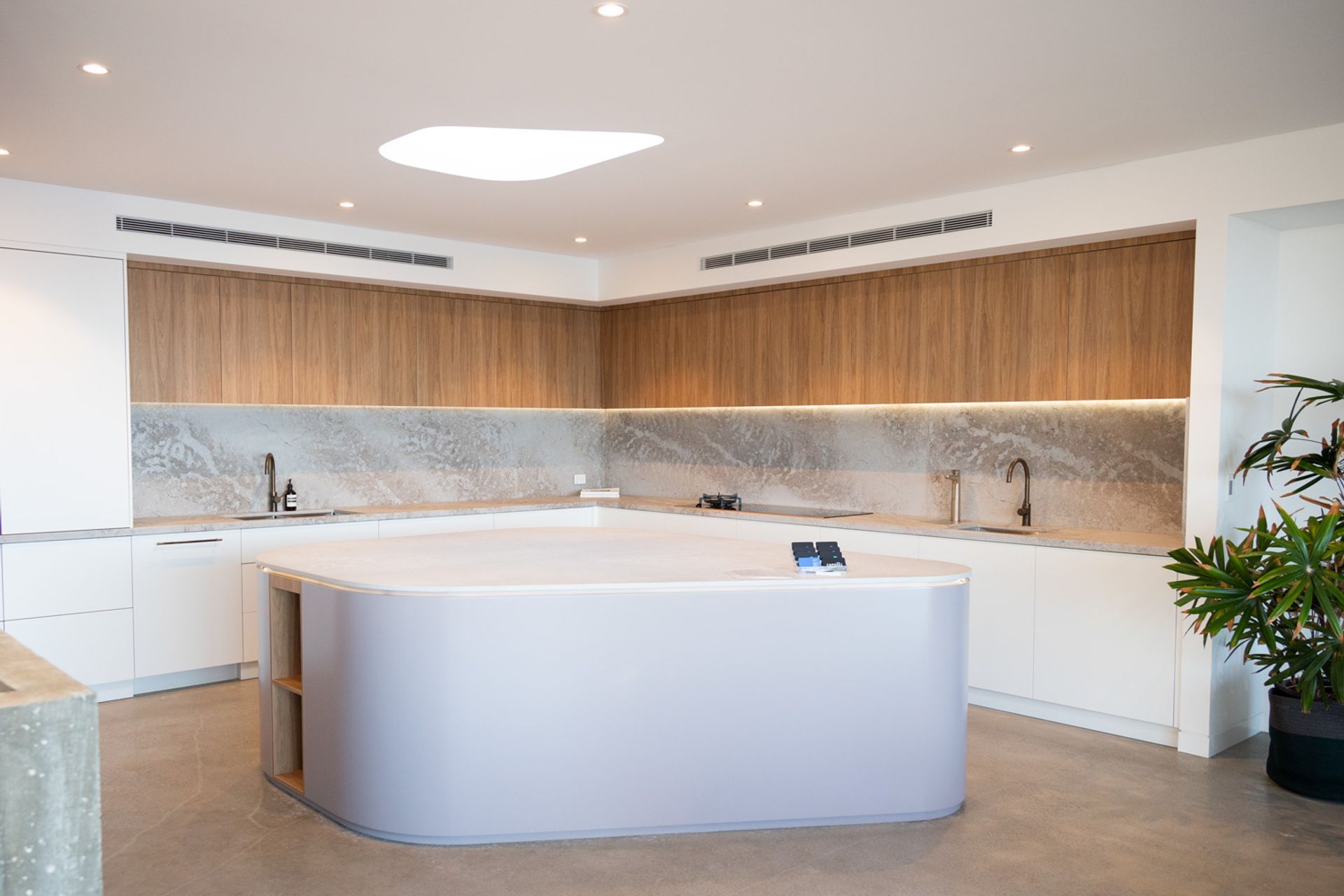 Muted tones and a spacious layout characterise the kitchen along with much of the house.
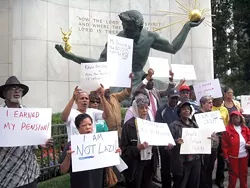 Protesters at the Coleman A. Young Municipal Building on Aug. 5 let EM Kevyn Orr know they were less than pleased with recent comments he made in the WSJ.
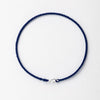 A dark blue handmade string bracelet with a gold plated clasp laid flat on a white background.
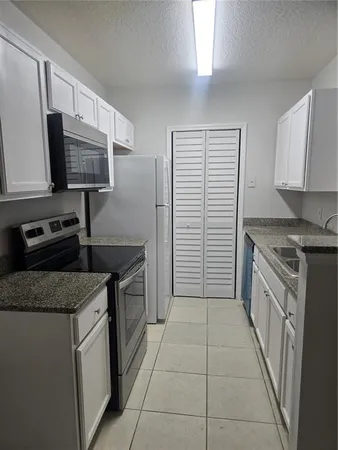 a bathroom with a shower and a toilet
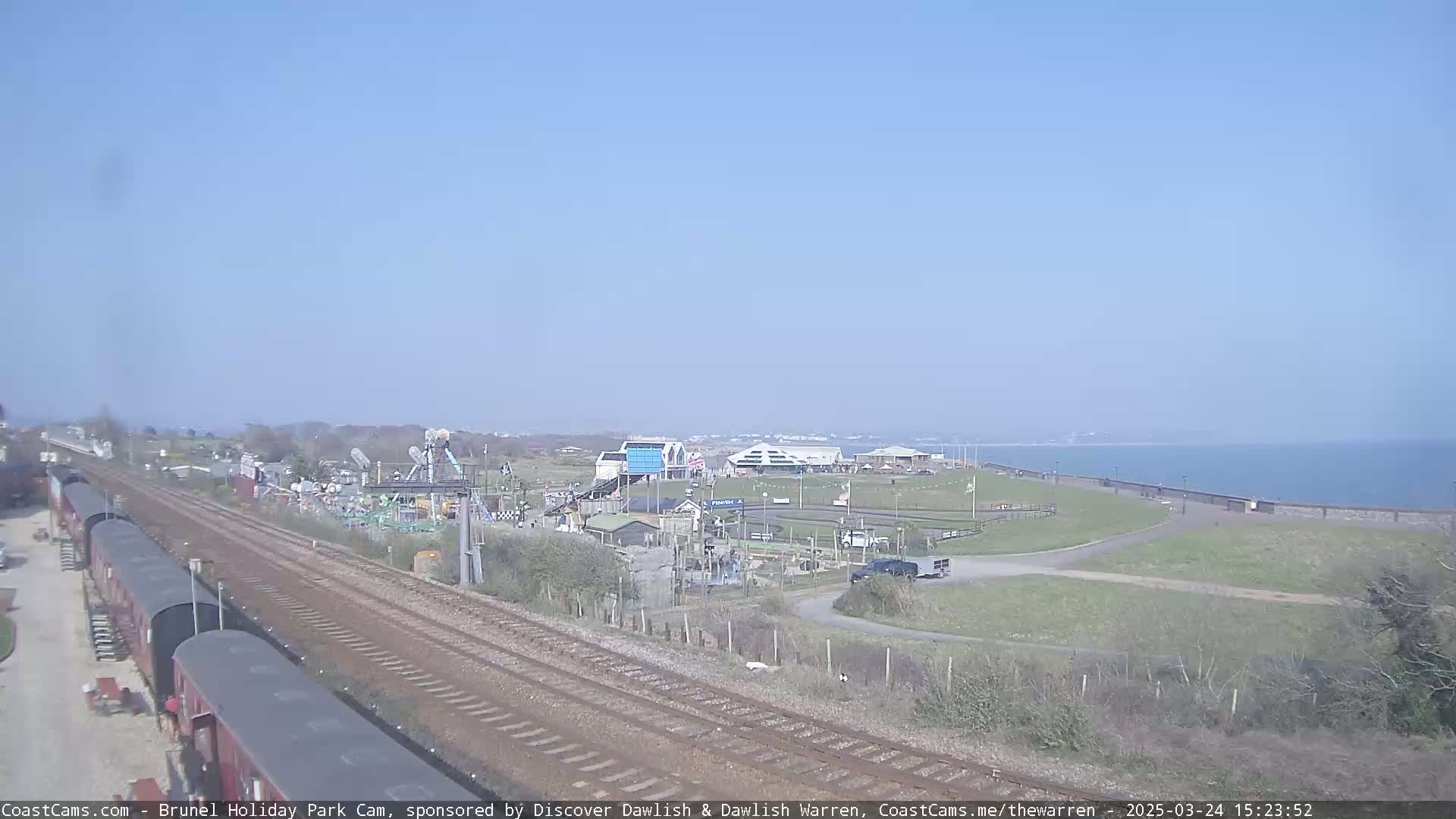 A sunny day overlooks a seaside amusement park with train tracks and several parked railway carriages visible in the foreground.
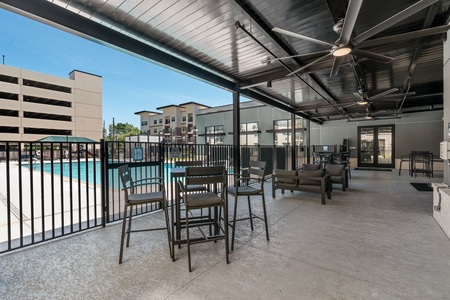 The community features a pool with communal grills and a kids' play area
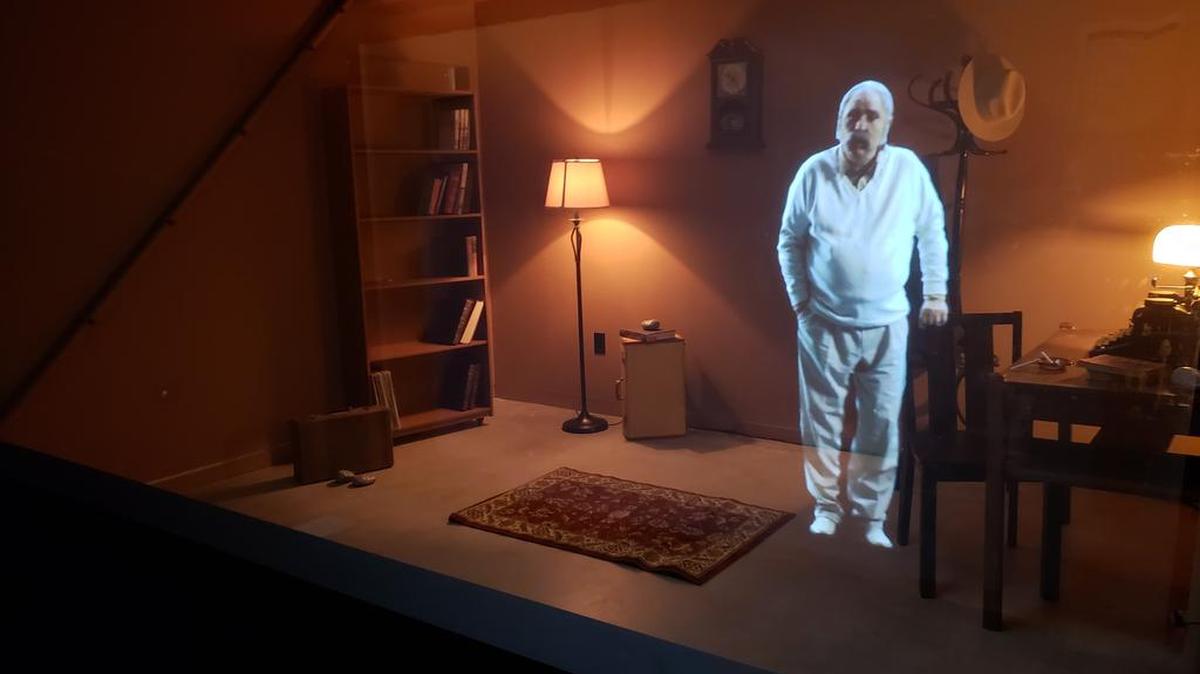 A hologram of acclaimed novelist and playwright William Saroyan speaks to visitors during the grand opening of the William Saroyan House Museum in central Fresno in September.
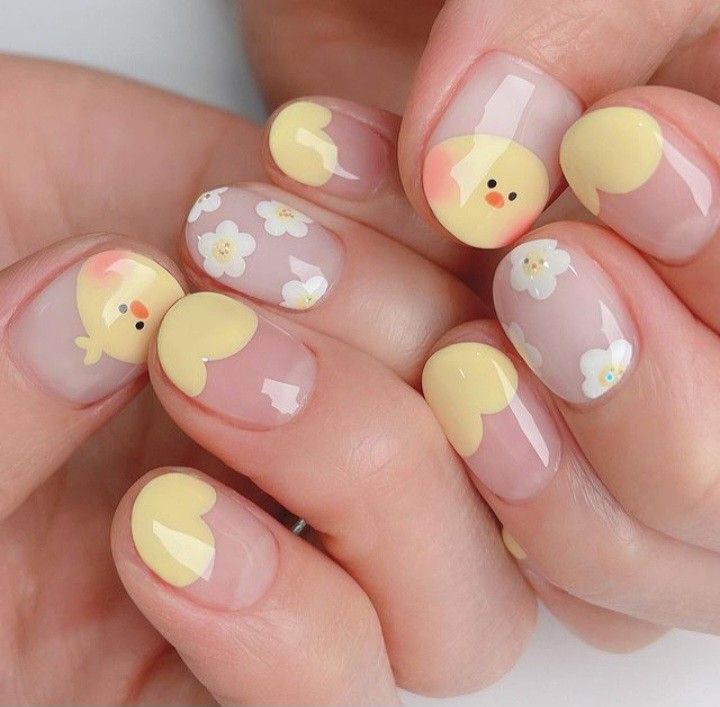 Cheerful Spring Nail Design with Soft Yellow Hearts, Chick Motifs, and Delicate White Flowers.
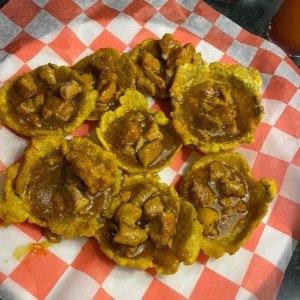 Patacones con cerdo
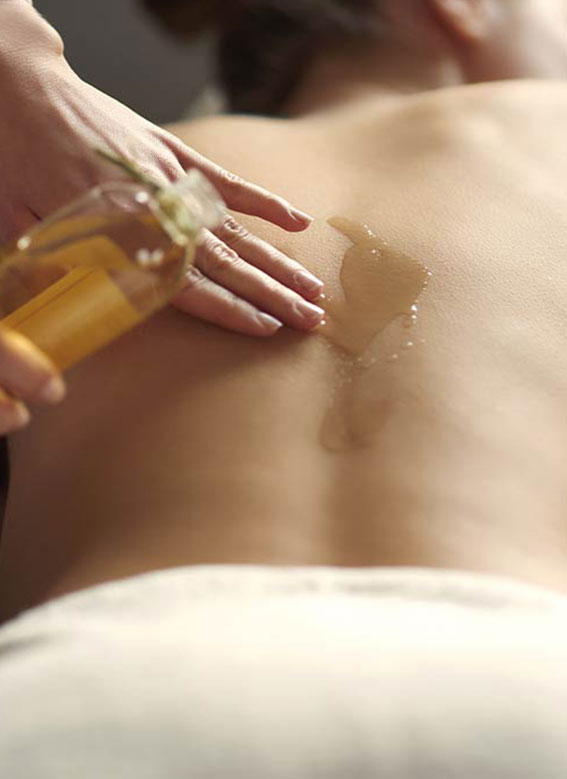 Masseuse qui fait un massage Ayurvédique Abhyanga à l'huile à une cliente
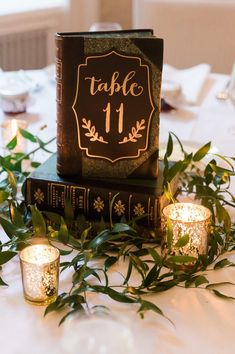 a table with candles and some books on it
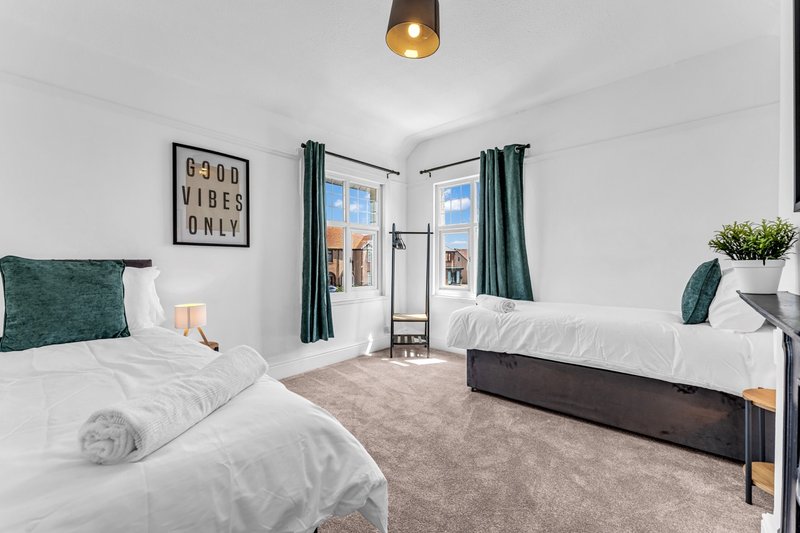 Bright modern bedroom with two single beds, white bedding, green cushions, and double doors to balcony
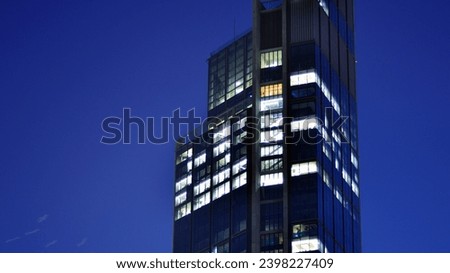 The glass facade of a modern skyscraper at night. Modern glass office in city. Big glowing windows in modern office building at night. In rows of windows light shines.
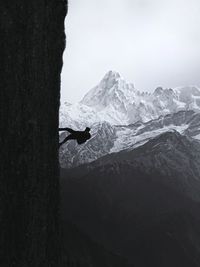 Silhouette man climbing on rocky mountain against clear sky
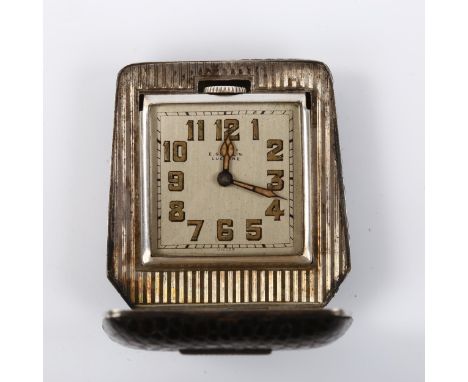 An Art Deco Continental sterling silver snakeskin travelling clock, by E Gubelin of Lucerne, silvered dial with Arabic numera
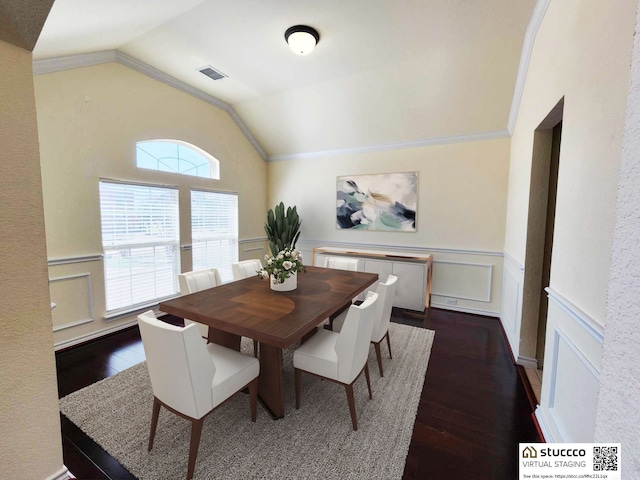 dining space with lofted ceiling, a wainscoted wall, dark wood-style floors, visible vents, and ornamental molding
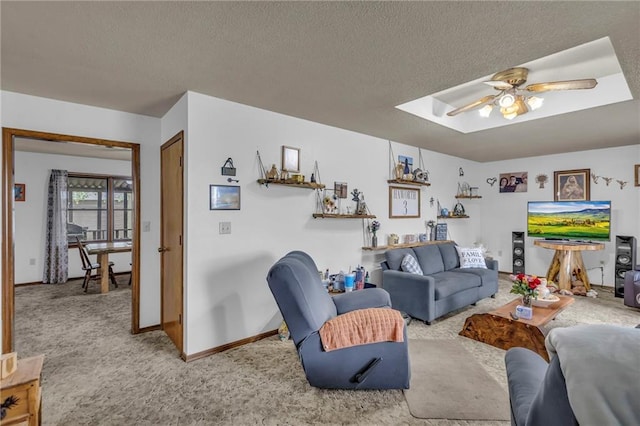 carpeted living area with baseboards, a ceiling fan, a textured ceiling, and a skylight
——
When you reach the line with "A dark blue" in the records above, begin repeating the lines exactly, and stop after the line with "The community features". Skip all pictures.

 A dark blue handmade string bracelet with a gold plated clasp laid flat on a white background.
 a bathroom with a shower and a toilet
 A sunny day overlooks a seaside amusement park with train tracks and several parked railway carriages visible in the foreground.
 The community features a pool with communal grills and a kids' play area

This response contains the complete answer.